What you need to do: Return, word for word, only the lines of the data below that lie between the line with "Saint Laurent 2022" and the line with "Cute Bunnies by zeniltonjrart on DeviantArt", those two lines included.

Given data:
○ ○ ○

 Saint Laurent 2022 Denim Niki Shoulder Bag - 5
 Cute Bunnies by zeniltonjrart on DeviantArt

○ ○ ○

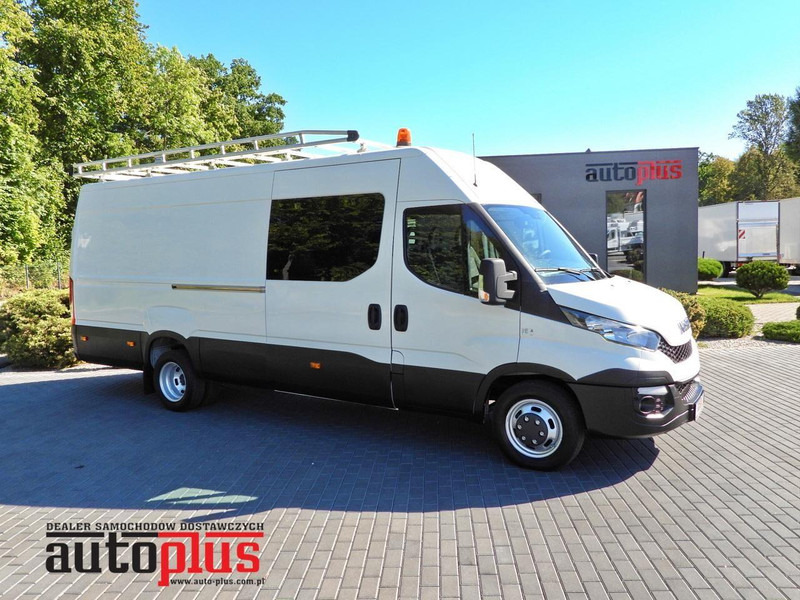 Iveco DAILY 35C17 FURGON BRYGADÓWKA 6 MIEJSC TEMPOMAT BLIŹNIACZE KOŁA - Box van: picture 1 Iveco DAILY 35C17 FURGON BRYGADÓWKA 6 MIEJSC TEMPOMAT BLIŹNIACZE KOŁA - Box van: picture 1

○ ○ ○

Solution:
 Saint Laurent 2022 Denim Niki Shoulder Bag - 5
 Cute Bunnies by zeniltonjrart on DeviantArt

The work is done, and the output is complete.